As a young artist, realism had always seemed to be the pinnacle of good portraiture to me. That is, until I saw the work of Nicolai Fechin.
The way Fechin chose to focus on certain features, while letting other elements completely fade away into obscurity, was unlike anything I had ever seen. Fechin was one of the first artists I was introduced to that showed me what a simple pencil could do. How less could be more, and how what you choose NOT to draw can be just as important as what you choose to include.
Although Nicolai Fechin was also a prolific painter, it is still his pencil work that speaks to me the most.
Nicolai Ivanovich Fechin (1881 – 1955) was a Russian-American painter best known for his portraits and works featuring Native Americans.
Classically trained at the Imperial Academy of Arts in St.
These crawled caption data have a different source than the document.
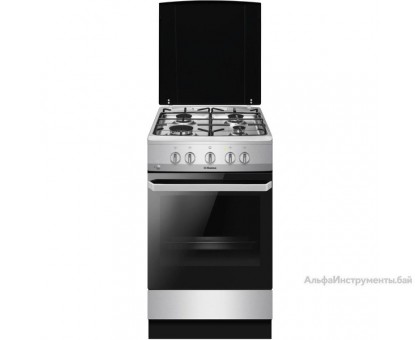 Газовая плита HANSA FCGX58099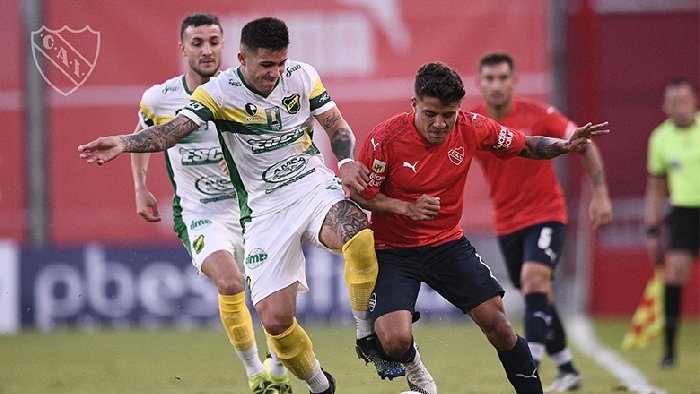 Soi kèo phạt góc Ind. Rivadavia vs Defensa, 7h00 ngày 17/9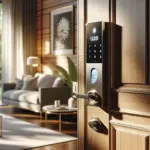 Elektronisk Dørlås: Den Ultimative Guide til Sikkerhed og Bekvemmelighed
Petersburg, Russia,
Fechin graduated with highest marks and won that year’s traveling scholarship, the ‘Prix de Rome’. After his travels he returned to his native Kazan, where he taught and painted for a time.
He exhibited his first work in the United States in 1910 in an international exhibition in Pittsburgh, Pennsylvania. After immigrating with his family to New York in 1923 and working there for a few years, Fechin developed tuberculosis and moved West for a drier climate. He and his family settled in Taos, New Mexico. It was there where he became fascinated by Native Americans and the landscape. These subjects became the focus of his work for the remainder of his life. After leaving Taos in 1933, Fechin eventually settled in southern California, where he resided until his death in 1955.